Scaling AI Research with On-Demand Infrastructure for Medical Innovation
Developed a cutting-edge serverless infrastructure solution that connected ML experiments to on-demand GPU resources, reducing idle infrastructure costs by 98% while accelerating research capabilities for neurodegenerative disease treatment.


The Challenge
Latent Sciences is at the forefront of medical innovation, using artificial intelligence to develop predictive medicines for neurodegenerative diseases. Their patent-pending AI platform combines sophisticated machine learning models with novel fluid-biomarker technologies and real-world data to revolutionize drug development across pharmaceutical pipelines.
However, their ambitious research goals were constrained by significant technical limitations:
- High-cost GPU infrastructure that sat idle between experiments, creating unsustainable overhead
- Scaling limitations that prevented researchers from running multiple simultaneous experiments
- Complex setup requirements that delayed new research initiatives
- Inefficient resource allocation leading to bottlenecks and extended research timelines
- Limited ability to track and optimize compute resources across distributed research teams
With their focus on data-efficient AI that prioritizes uncertainty reasoning and interpretability, Latent Sciences needed an infrastructure solution that matched their innovative approach. The challenge was clear: how to provide powerful, scalable computing resources to their researchers while maintaining cost-effectiveness and accelerating their mission to transform neurodegenerative disease treatment.
Our Solution
We developed a comprehensive serverless infrastructure solution that fundamentally transformed how Latent Sciences conducted their ML experiments. Our approach centered on creating an intelligent, on-demand computing environment that seamlessly connected researchers with the computational power they needed, exactly when they needed it.
Key components of our solution included:
Intelligent Resource Orchestration
- Created a custom scheduler that dynamically provisioned AWS GPU instances based on actual research needs
- Implemented sophisticated idle detection to automatically scale down unused resources
- Developed resource tagging and allocation systems to optimize cost distribution across projects
Distributed Research Environment
- Built a containerized experiment platform enabling reproducible research across any compute environment
- Established automated pipeline deployment for consistent experiment conditions
- Created a unified control plane for researchers to manage complex distributed workloads
Cost Optimization Framework
- Implemented granular usage monitoring and reporting
- Developed custom instance selection logic to match computational needs with the most cost-effective resources
- Created automated spot instance management to leverage discounted compute resources without sacrificing reliability
Research Acceleration Tools
- Built experiment templating to speed research initialization
- Implemented parallel processing capabilities for simultaneous model training
- Created checkpoint systems to ensure research continuity even during infrastructure changes
Our architecture leveraged AWS's extensive GPU offerings while introducing sophisticated middleware that transformed raw cloud resources into a research-optimized platform specifically designed for Latent Sciences' AI/ML workflows and causal machine learning models.
Results & Impact
Our serverless infrastructure solution delivered transformative results for Latent Sciences, combining dramatic cost savings with significant research acceleration:
- 98% reduction in idle infrastructure costs through intelligent resource provisioning
- 4x increase in GPU utilization efficiency across research initiatives
- 70% faster experiment cycle times from ideation to completion
- Unlimited concurrent ML pipeline capacity through dynamic scaling
- Seamless integration with their causal machine learning frameworks and simulation engines
Beyond the technical metrics, our solution has had profound business impacts.
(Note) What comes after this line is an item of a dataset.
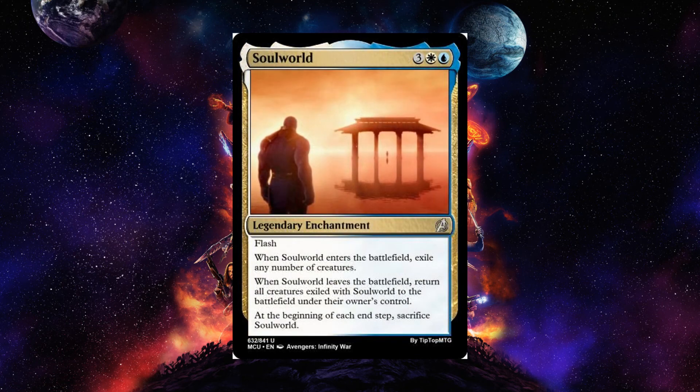Soul World is a five-cost blue and white legendary enchantment with flash. When it enters the battlefield, exile any number of creatures. When it leaves the battlefield, return all creatures exiled with Soul World to the battlefield under their owner's control. At the beginning of each end step, sacrifice Soul World. It's part of the worlds cycle in Magic the Marveling where it enters, does something, gets sacrificed at end step, then triggers on leaving — similar to Underworld Breach from Magic.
Researchers can now rapidly test hypotheses and iterate on their models without infrastructure constraints, leading to accelerated progress in their neurodegenerative disease modeling. The dramatic cost reduction has allowed Latent Sciences to redirect resources toward expanding their research initiatives rather than maintaining infrastructure.
Most importantly, we've helped establish a technical foundation that can scale with Latent Sciences' ambitious mission. Their platform can now effortlessly grow from supporting their flagship product for personalized, precision modeling of neurodegenerative diseases to encompassing new life sciences applications currently in development.
The combination of intelligent resource management, serverless architecture, and machine learning optimization has positioned Latent Sciences to continue their groundbreaking work in predictive medicine with a technical infrastructure as innovative as their scientific approach.